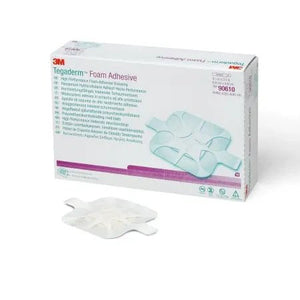 Box of Tegaderm foam adhesive with a sample pad on a white background - okotoks hc pharmacy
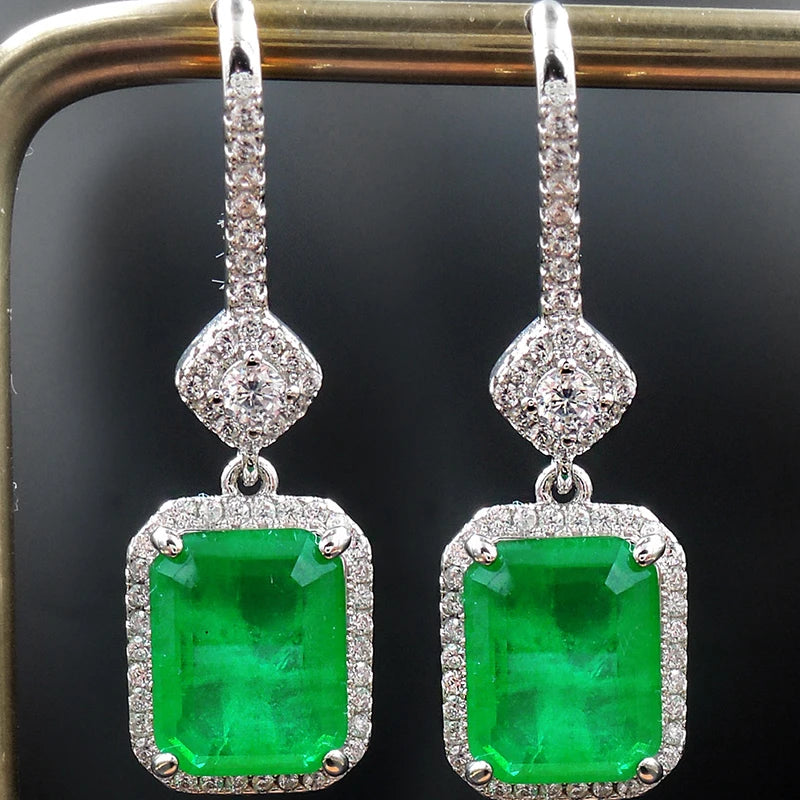 Vintage 925 Silver Emerald 30mm Ear Drop Earrings
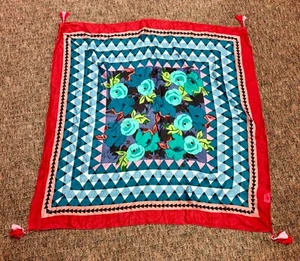 Noonday Collection 100% Silk Tassel Blues/Reds Scarf EUC - Picture 1 of 3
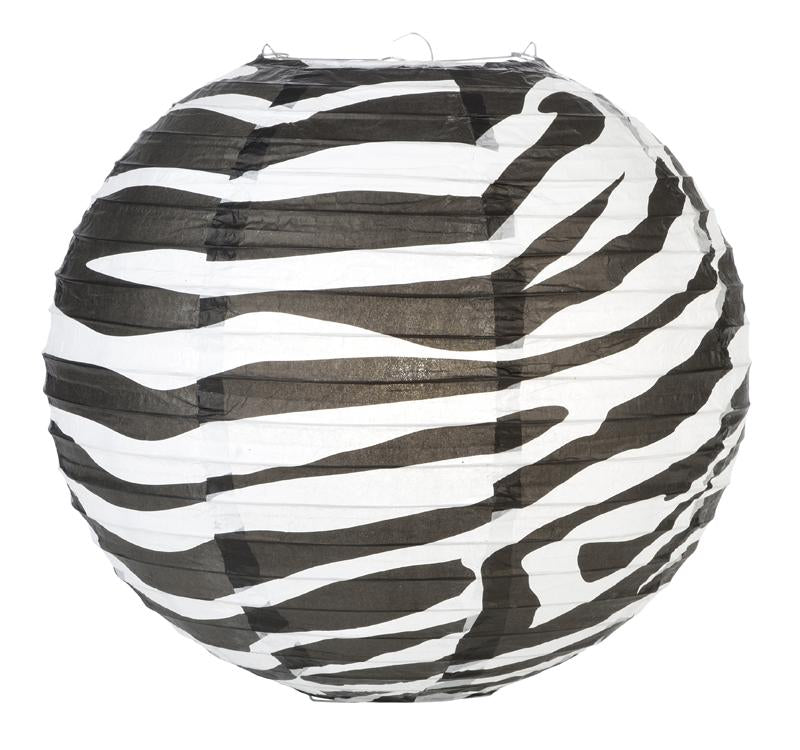 14" Zebra Print Paper Lantern - AsianImportStore.com - B2B Wholesale Lighting and Decor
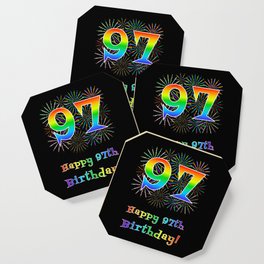 [ Thumbnail: 97th Birthday - Fun Rainbow Spectrum Gradient Pattern Text, Bursting Fireworks Inspired Background Coaster ]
######
_TASK DIRECTIONS_
Starting at the line that contains "Noonday Collection 100%", restate every line through the end of the records exactly as written, but leave the pictures out.

_RESPONSE BELOW_
 Noonday Collection 100% Silk Tassel Blues/Reds Scarf EUC - Picture 1 of 3
 14" Zebra Print Paper Lantern - AsianImportStore.com - B2B Wholesale Lighting and Decor
 [ Thumbnail: 97th Birthday - Fun Rainbow Spectrum Gradient Pattern Text, Bursting Fireworks Inspired Background Coaster ]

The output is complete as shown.